_Task goal:_
Please repeat only the stretch of records running from the first line through the line that contains "Westinghouse 61238 - Vonkajšie".

_Items listed in a dataset:_
===============

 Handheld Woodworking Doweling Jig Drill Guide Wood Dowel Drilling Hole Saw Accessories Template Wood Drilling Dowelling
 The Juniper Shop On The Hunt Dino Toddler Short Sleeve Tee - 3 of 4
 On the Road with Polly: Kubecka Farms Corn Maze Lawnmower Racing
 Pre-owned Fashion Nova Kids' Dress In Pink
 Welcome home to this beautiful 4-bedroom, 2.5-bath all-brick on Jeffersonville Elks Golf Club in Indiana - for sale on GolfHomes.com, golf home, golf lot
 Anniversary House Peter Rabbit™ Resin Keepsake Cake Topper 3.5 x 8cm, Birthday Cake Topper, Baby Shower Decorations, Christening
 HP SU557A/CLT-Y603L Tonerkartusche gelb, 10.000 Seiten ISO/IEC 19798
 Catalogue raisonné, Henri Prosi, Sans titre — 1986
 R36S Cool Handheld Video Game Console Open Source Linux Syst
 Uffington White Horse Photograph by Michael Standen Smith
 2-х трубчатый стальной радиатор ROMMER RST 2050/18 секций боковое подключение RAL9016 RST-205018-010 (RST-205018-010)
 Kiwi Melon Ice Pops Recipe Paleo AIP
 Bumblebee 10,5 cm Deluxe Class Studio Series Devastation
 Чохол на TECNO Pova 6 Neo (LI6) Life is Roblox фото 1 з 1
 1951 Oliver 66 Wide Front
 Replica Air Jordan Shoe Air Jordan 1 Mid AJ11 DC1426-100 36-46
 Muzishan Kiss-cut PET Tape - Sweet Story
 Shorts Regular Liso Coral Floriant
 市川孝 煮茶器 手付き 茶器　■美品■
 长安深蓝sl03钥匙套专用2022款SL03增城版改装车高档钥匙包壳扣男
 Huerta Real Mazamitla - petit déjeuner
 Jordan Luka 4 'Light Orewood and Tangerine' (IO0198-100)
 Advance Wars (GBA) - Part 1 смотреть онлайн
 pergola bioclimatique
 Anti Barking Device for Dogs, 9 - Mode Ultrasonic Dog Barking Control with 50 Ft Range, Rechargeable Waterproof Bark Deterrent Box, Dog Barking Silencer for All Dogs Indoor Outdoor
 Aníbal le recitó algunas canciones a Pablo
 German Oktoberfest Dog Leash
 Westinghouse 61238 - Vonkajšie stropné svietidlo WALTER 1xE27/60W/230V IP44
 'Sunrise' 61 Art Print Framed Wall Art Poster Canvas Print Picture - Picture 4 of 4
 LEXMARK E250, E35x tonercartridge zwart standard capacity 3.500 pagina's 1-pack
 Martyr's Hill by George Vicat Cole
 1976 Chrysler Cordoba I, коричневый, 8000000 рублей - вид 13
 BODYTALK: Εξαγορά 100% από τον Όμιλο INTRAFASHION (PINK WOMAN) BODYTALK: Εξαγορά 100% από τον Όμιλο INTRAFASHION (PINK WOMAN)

===============

_Answer for the task:_
 Handheld Woodworking Doweling Jig Drill Guide Wood Dowel Drilling Hole Saw Accessories Template Wood Drilling Dowelling
 The Juniper Shop On The Hunt Dino Toddler Short Sleeve Tee - 3 of 4
 On the Road with Polly: Kubecka Farms Corn Maze Lawnmower Racing
 Pre-owned Fashion Nova Kids' Dress In Pink
 Welcome home to this beautiful 4-bedroom, 2.5-bath all-brick on Jeffersonville Elks Golf Club in Indiana - for sale on GolfHomes.com, golf home, golf lot
 Anniversary House Peter Rabbit™ Resin Keepsake Cake Topper 3.5 x 8cm, Birthday Cake Topper, Baby Shower Decorations, Christening
 HP SU557A/CLT-Y603L Tonerkartusche gelb, 10.000 Seiten ISO/IEC 19798
 Catalogue raisonné, Henri Prosi, Sans titre — 1986
 R36S Cool Handheld Video Game Console Open Source Linux Syst
 Uffington White Horse Photograph by Michael Standen Smith
 2-х трубчатый стальной радиатор ROMMER RST 2050/18 секций боковое подключение RAL9016 RST-205018-010 (RST-205018-010)
 Kiwi Melon Ice Pops Recipe Paleo AIP
 Bumblebee 10,5 cm Deluxe Class Studio Series Devastation
 Чохол на TECNO Pova 6 Neo (LI6) Life is Roblox фото 1 з 1
 1951 Oliver 66 Wide Front
 Replica Air Jordan Shoe Air Jordan 1 Mid AJ11 DC1426-100 36-46
 Muzishan Kiss-cut PET Tape - Sweet Story
 Shorts Regular Liso Coral Floriant
 市川孝 煮茶器 手付き 茶器　■美品■
 长安深蓝sl03钥匙套专用2022款SL03增城版改装车高档钥匙包壳扣男
 Huerta Real Mazamitla - petit déjeuner
 Jordan Luka 4 'Light Orewood and Tangerine' (IO0198-100)
 Advance Wars (GBA) - Part 1 смотреть онлайн
 pergola bioclimatique
 Anti Barking Device for Dogs, 9 - Mode Ultrasonic Dog Barking Control with 50 Ft Range, Rechargeable Waterproof Bark Deterrent Box, Dog Barking Silencer for All Dogs Indoor Outdoor
 Aníbal le recitó algunas canciones a Pablo
 German Oktoberfest Dog Leash
 Westinghouse 61238 - Vonkajšie stropné svietidlo WALTER 1xE27/60W/230V IP44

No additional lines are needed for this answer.